▸ Problem description
Exactly as written, return the entries below, minus any pictures.

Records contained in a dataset
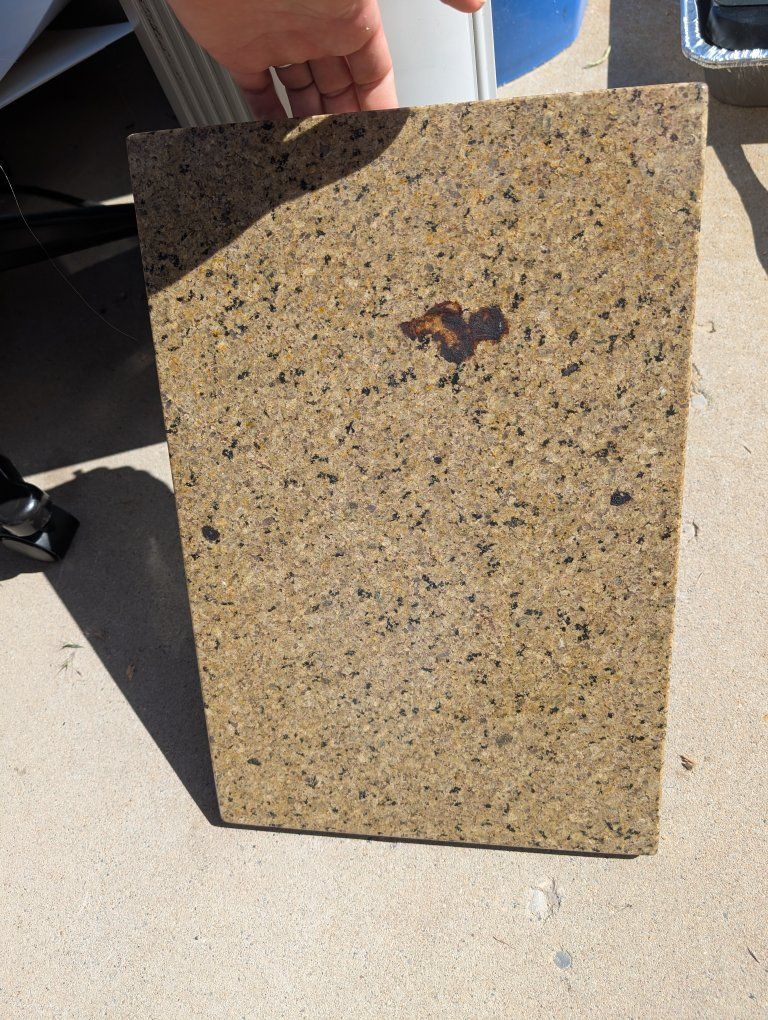 Granite Countertop Piece - Light Brown Speckled Granite Slab, Approx. 19"x12" - Used for Kitchen/Bath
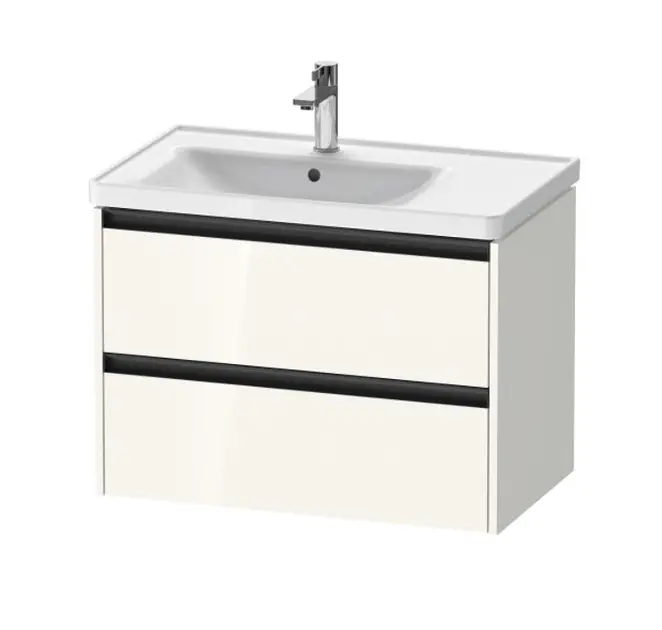 Levně Duravit Ketho.2 - Umyvadlová skříňka 55x78x46 cm, 2 zásuvky, lesklá bílá K25285022220000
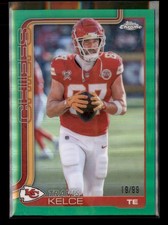 Topps Chrome #150 Travis Kelce Green /99 Green /99 The BallCap Exec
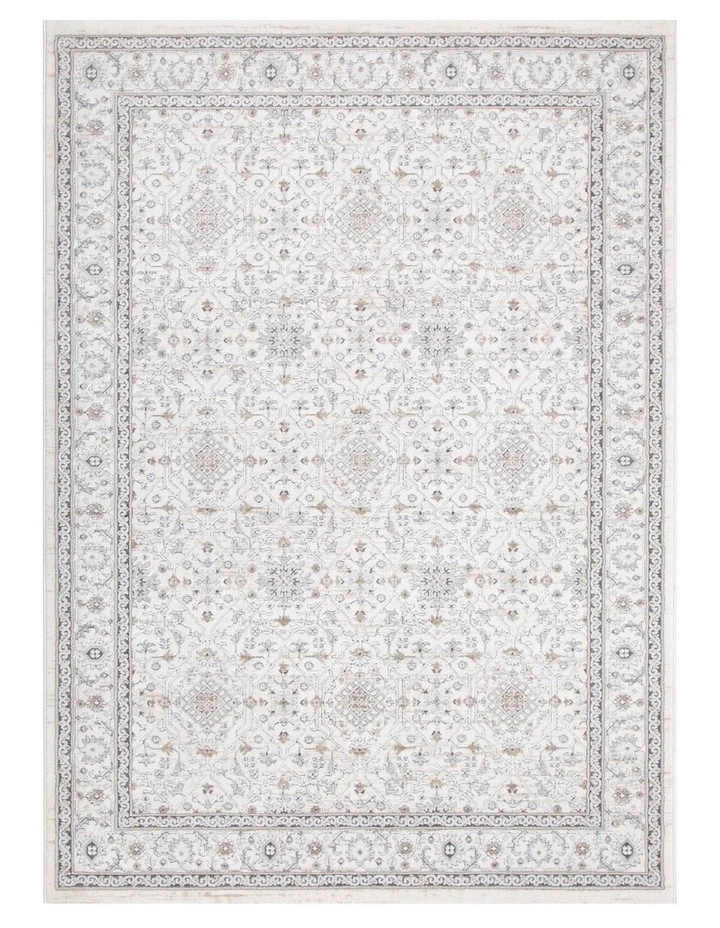 Maya Traditional Border Cream and Beige Rug - M103 image 1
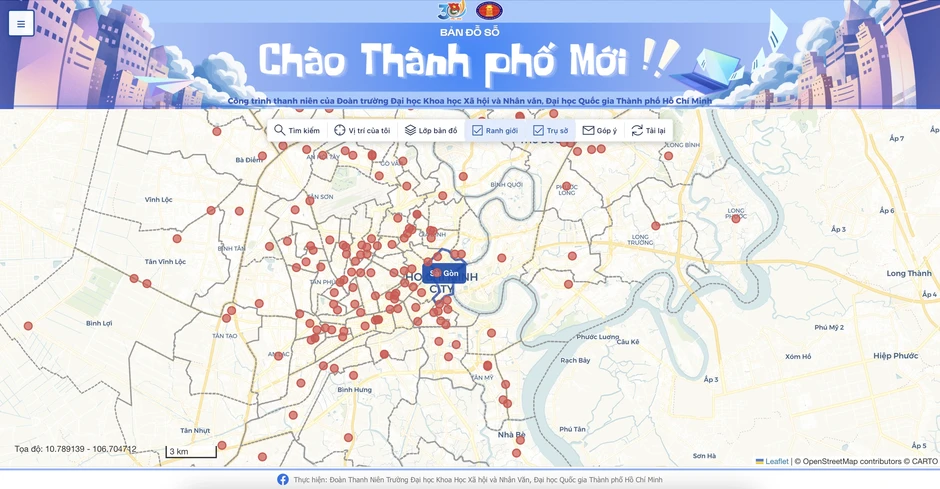 Đây là bản đồ số phường mới TP.HCM giúp bạn chắc chắn không lạc đường Đây là bản đồ số phường mới TP.HCM giúp bạn chắc chắn không lạc đường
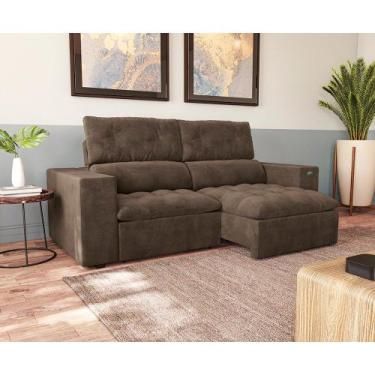 Imagem de Sofá 2,08 Metros Retrátil e Reclinável Kappesberg New Vintage Plus, Ta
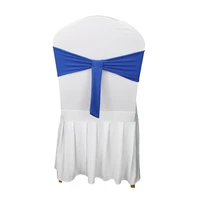 wholesale new style banquet spandex chair cover sashes bow tie ribbon decoration wedding party factory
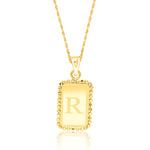 Load image into Gallery viewer, 18K Real Gold Letter R Seed Necklace
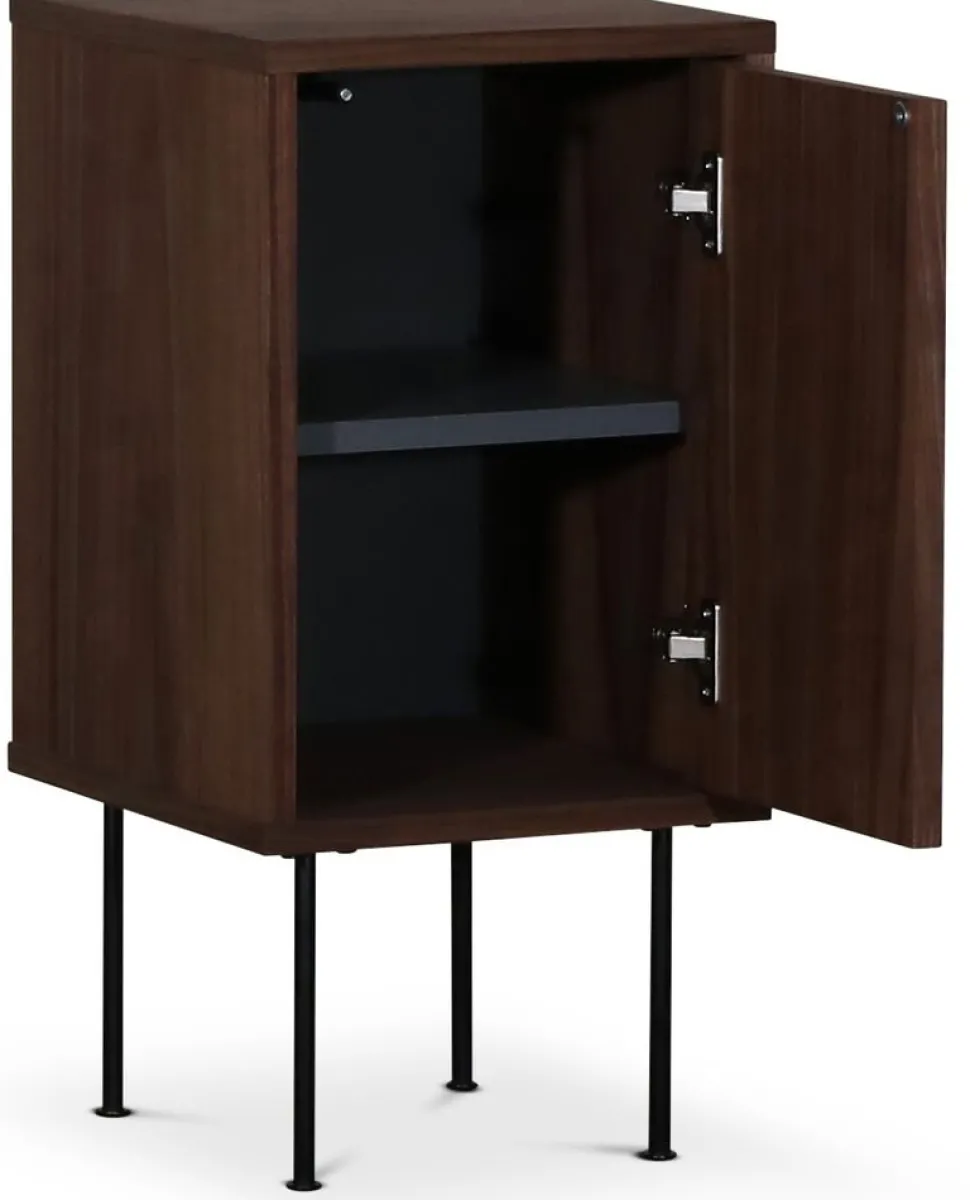 Volume sängbord i valnöt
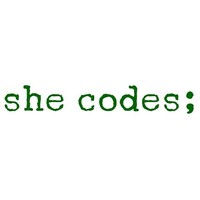 she codes;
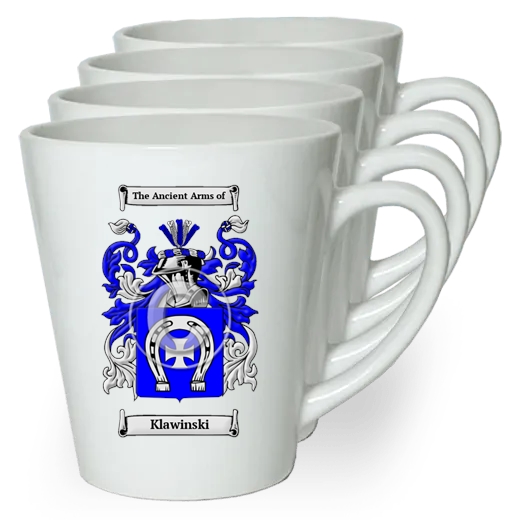 Klawinski Set of 4 Latte Mugs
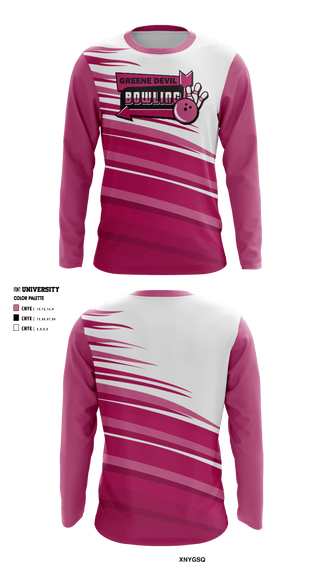 Long Sleeve Performance Shirt, Greeneville Bowling, Bowling, Teamtime, Team time, sublimation, custom sports apparel, team uniforms, spirit wear, spiritwear, sports uniforms, custom shirts, team store, custom team store, fundraiser sports, apparel fundraiser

▸ Expected answer
 Granite Countertop Piece - Light Brown Speckled Granite Slab, Approx. 19"x12" - Used for Kitchen/Bath
 Levně Duravit Ketho.2 - Umyvadlová skříňka 55x78x46 cm, 2 zásuvky, lesklá bílá K25285022220000
 Topps Chrome #150 Travis Kelce Green /99 Green /99 The BallCap Exec
 Maya Traditional Border Cream and Beige Rug - M103 image 1
 Đây là bản đồ số phường mới TP.HCM giúp bạn chắc chắn không lạc đường Đây là bản đồ số phường mới TP.HCM giúp bạn chắc chắn không lạc đường
 Imagem de Sofá 2,08 Metros Retrátil e Reclinável Kappesberg New Vintage Plus, Ta
 wholesale new style banquet spandex chair cover sashes bow tie ribbon decoration wedding party factory
 Load image into Gallery viewer, 18K Real Gold Letter R Seed Necklace
 Volume sängbord i valnöt
 she codes;
 Klawinski Set of 4 Latte Mugs
 Long Sleeve Performance Shirt, Greeneville Bowling, Bowling, Teamtime, Team time, sublimation, custom sports apparel, team uniforms, spirit wear, spiritwear, sports uniforms, custom shirts, team store, custom team store, fundraiser sports, apparel fundraiser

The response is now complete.